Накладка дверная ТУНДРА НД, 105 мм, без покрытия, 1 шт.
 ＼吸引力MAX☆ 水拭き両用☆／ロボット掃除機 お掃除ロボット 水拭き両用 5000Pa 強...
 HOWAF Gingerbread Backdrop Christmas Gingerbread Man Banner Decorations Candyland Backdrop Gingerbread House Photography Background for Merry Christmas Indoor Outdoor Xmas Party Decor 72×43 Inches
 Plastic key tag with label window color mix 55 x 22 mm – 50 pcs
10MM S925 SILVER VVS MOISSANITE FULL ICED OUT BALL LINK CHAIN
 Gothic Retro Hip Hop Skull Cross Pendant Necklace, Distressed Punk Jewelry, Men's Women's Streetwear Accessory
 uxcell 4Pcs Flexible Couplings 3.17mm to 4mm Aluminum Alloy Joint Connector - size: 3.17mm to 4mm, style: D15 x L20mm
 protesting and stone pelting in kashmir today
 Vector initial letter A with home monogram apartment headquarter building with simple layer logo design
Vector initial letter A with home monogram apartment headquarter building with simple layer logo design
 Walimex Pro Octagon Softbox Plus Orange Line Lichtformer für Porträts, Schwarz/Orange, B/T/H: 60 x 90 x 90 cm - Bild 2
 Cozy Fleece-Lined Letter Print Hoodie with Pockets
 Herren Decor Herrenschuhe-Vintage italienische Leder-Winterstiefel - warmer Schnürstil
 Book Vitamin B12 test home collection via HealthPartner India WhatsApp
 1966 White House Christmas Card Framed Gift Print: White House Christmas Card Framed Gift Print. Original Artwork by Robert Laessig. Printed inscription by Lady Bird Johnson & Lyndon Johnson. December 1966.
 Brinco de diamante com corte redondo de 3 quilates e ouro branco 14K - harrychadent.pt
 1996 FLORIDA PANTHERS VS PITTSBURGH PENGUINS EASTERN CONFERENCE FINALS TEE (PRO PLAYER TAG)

+ + +

_What is required_:
Every entry above should come back exactly as written.

_Reply to the task_:
Накладка дверная ТУНДРА НД, 105 мм, без покрытия, 1 шт.
 ＼吸引力MAX☆ 水拭き両用☆／ロボット掃除機 お掃除ロボット 水拭き両用 5000Pa 強...
 HOWAF Gingerbread Backdrop Christmas Gingerbread Man Banner Decorations Candyland Backdrop Gingerbread House Photography Background for Merry Christmas Indoor Outdoor Xmas Party Decor 72×43 Inches
 Plastic key tag with label window color mix 55 x 22 mm – 50 pcs
10MM S925 SILVER VVS MOISSANITE FULL ICED OUT BALL LINK CHAIN
 Gothic Retro Hip Hop Skull Cross Pendant Necklace, Distressed Punk Jewelry, Men's Women's Streetwear Accessory
 uxcell 4Pcs Flexible Couplings 3.17mm to 4mm Aluminum Alloy Joint Connector - size: 3.17mm to 4mm, style: D15 x L20mm
 protesting and stone pelting in kashmir today
 Vector initial letter A with home monogram apartment headquarter building with simple layer logo design
Vector initial letter A with home monogram apartment headquarter building with simple layer logo design
 Walimex Pro Octagon Softbox Plus Orange Line Lichtformer für Porträts, Schwarz/Orange, B/T/H: 60 x 90 x 90 cm - Bild 2
 Cozy Fleece-Lined Letter Print Hoodie with Pockets
 Herren Decor Herrenschuhe-Vintage italienische Leder-Winterstiefel - warmer Schnürstil
 Book Vitamin B12 test home collection via HealthPartner India WhatsApp
 1966 White House Christmas Card Framed Gift Print: White House Christmas Card Framed Gift Print. Original Artwork by Robert Laessig. Printed inscription by Lady Bird Johnson & Lyndon Johnson. December 1966.
 Brinco de diamante com corte redondo de 3 quilates e ouro branco 14K - harrychadent.pt
 1996 FLORIDA PANTHERS VS PITTSBURGH PENGUINS EASTERN CONFERENCE FINALS TEE (PRO PLAYER TAG)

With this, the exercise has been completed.